No one cares about Euclidean geometry any more.

Perfidy.

[Heron TSG]

Does the secant's (the line) slope equal (The value) Secant(X)?

If so, it still doesn't denote where the line goes. I really hope these two things are related and don't just have accidentally similar names.

[G-Flex]

Does the secant's (the line) slope equal (The value) Secant(X)?

A look at the diagram shows this to be false. θ is obviously between 0 and 90 degrees, meaning that sec(θ) can't be zero, but the slope of the line is zero.

[Heron TSG]

So, what if I were to propose that the secant(X) was the percentage of the circle's area situated to the left (or above, if horizontal) of the secant line?

[G-Flex]

Think about that for a second, though.

sec(x) = 1/cos(x)

The range of cos(x) is between -1 and 1. This includes the area around and including zero.

sec(x) is the reciprocal of that, so it gets very very high, actually ranging between negative and positive infinity.

Obviously, you're not going to have, say, 11679857% of a circle's area to the left of any line, no matter where it is.

[Heron TSG]

what if you inverse that number though, and then take it as a fraction?

instead of 11679857%, you'd get 8.56x10^8, which makes sense.
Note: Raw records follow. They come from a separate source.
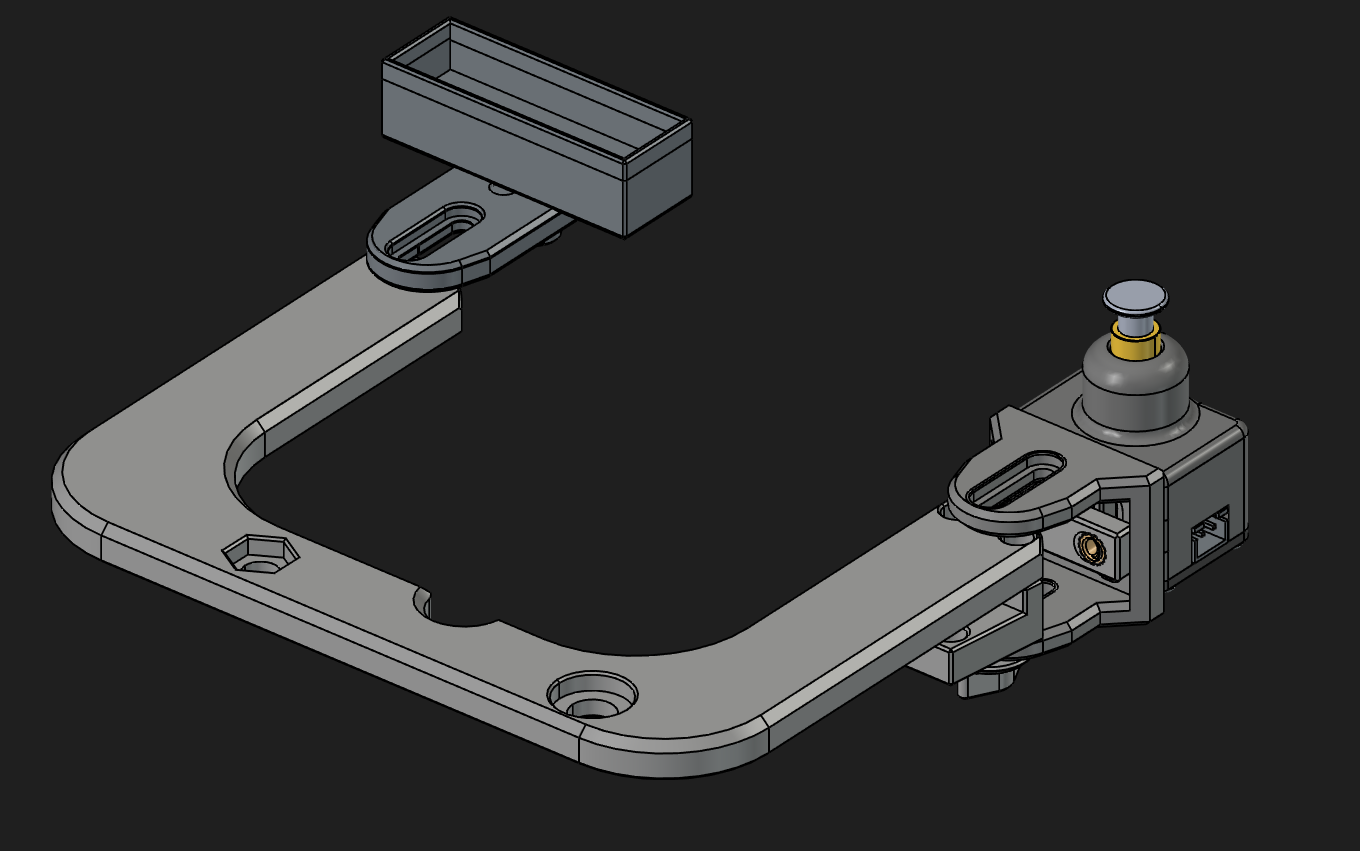The bolt-on assembly as viewed in FreeCAD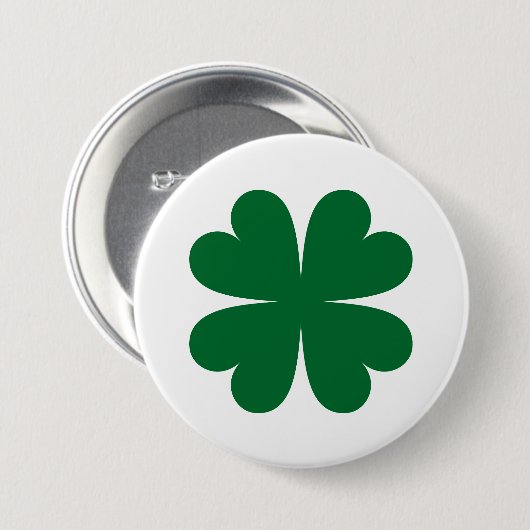 Lucky Clover Patches & Buttonnen Ronde Button 7,6 Cm (Voorkant /achterkant)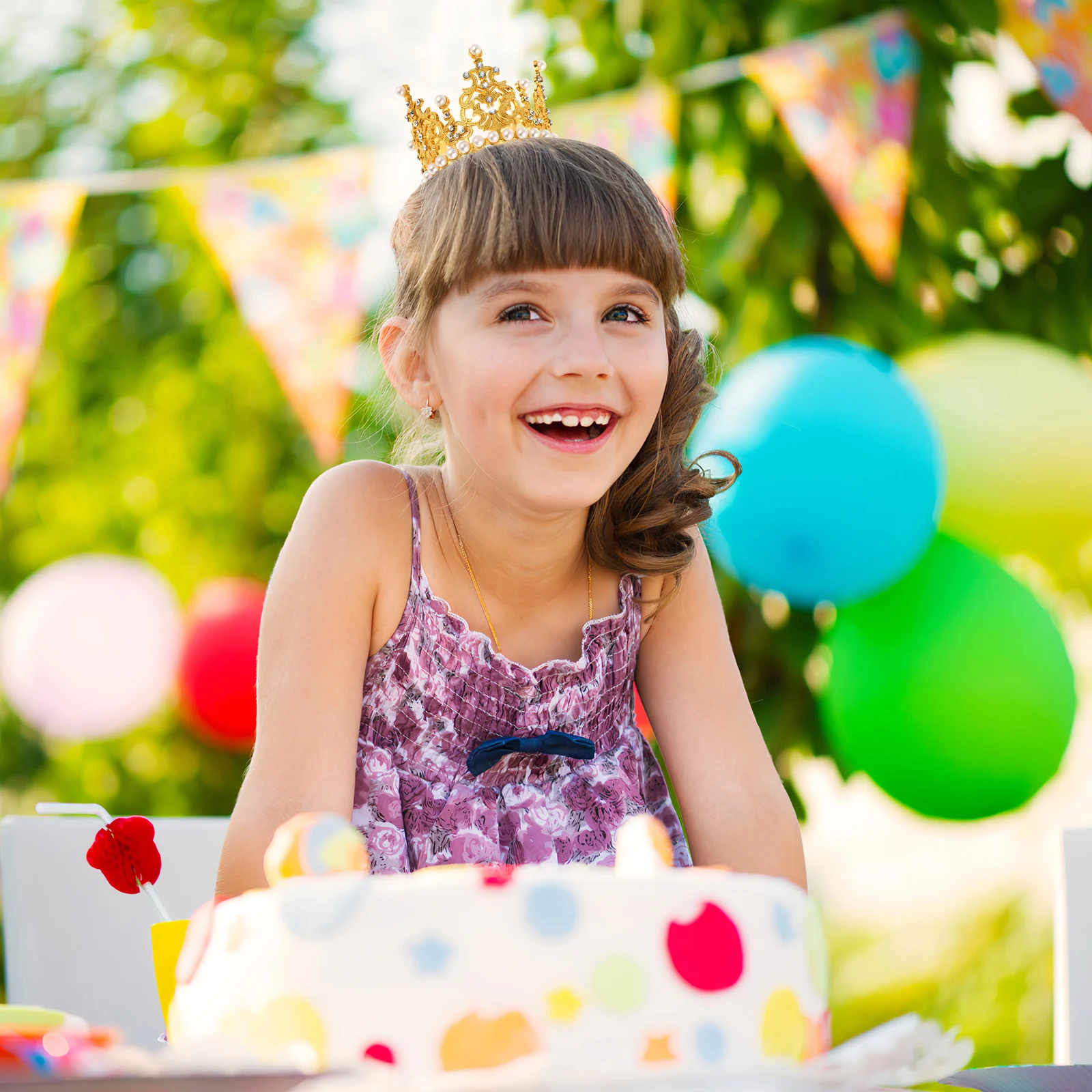 

2pcs Cake Topper Premium Material Birthday Party Birthday Crowns For Decor Headdress Hair Accessories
It's not zero, but it gets close. You'll never have a secant with NO length, so you never will reach zero.

[Vector]

what if you inverse that number though, and then take it as a fraction?

instead of 11679857%, you'd get 8.56x10^8, which makes sense. It's not zero, but it gets close. You'll never have a secant with NO length, so you never will reach zero.

... You are not speaking English (or, rather, you are not speaking mathematics).  First off, 8.56x10^8 is a rather large number.  Second off, a secant with no length is called a point.  Third, I think you're talking about the cosine.

[G-Flex]

Yeah, the "inverse" (I assume he means reciprocal) of the secant is just the reciprocal of the reciprocal of the cosine... in other words, the cosine.


I'm assuming he meant8.56x10^-8, too. That's the only way it makes sense, at least.


Granted, it's wrong anyway. Draw a secant line pointing more-or-less vertically. The angle is then 90 degrees. The cosine of 90 degrees is zero. Obviously, more than none of the area of the circle is to the left of it.

[Heron TSG]

First, 8.56x10^8 should be 8.56x10^-8. whoops.

Second, the point (derp.) is that you won't have a secant when it becomes a point. you'll have a point. Therefore, the relationship would still work because it'd be true for all secants.

Third, An inverse relationship is still a relationship. It may not be a function, however. That;d explain the wackiness dividing by zero would entail.

Pseudo-edit: I know I'm probably wrong, I'm just chucking ideas out in hopes of a bullseye. It'd be nice to learn something without extensive help from textbooks and teachers.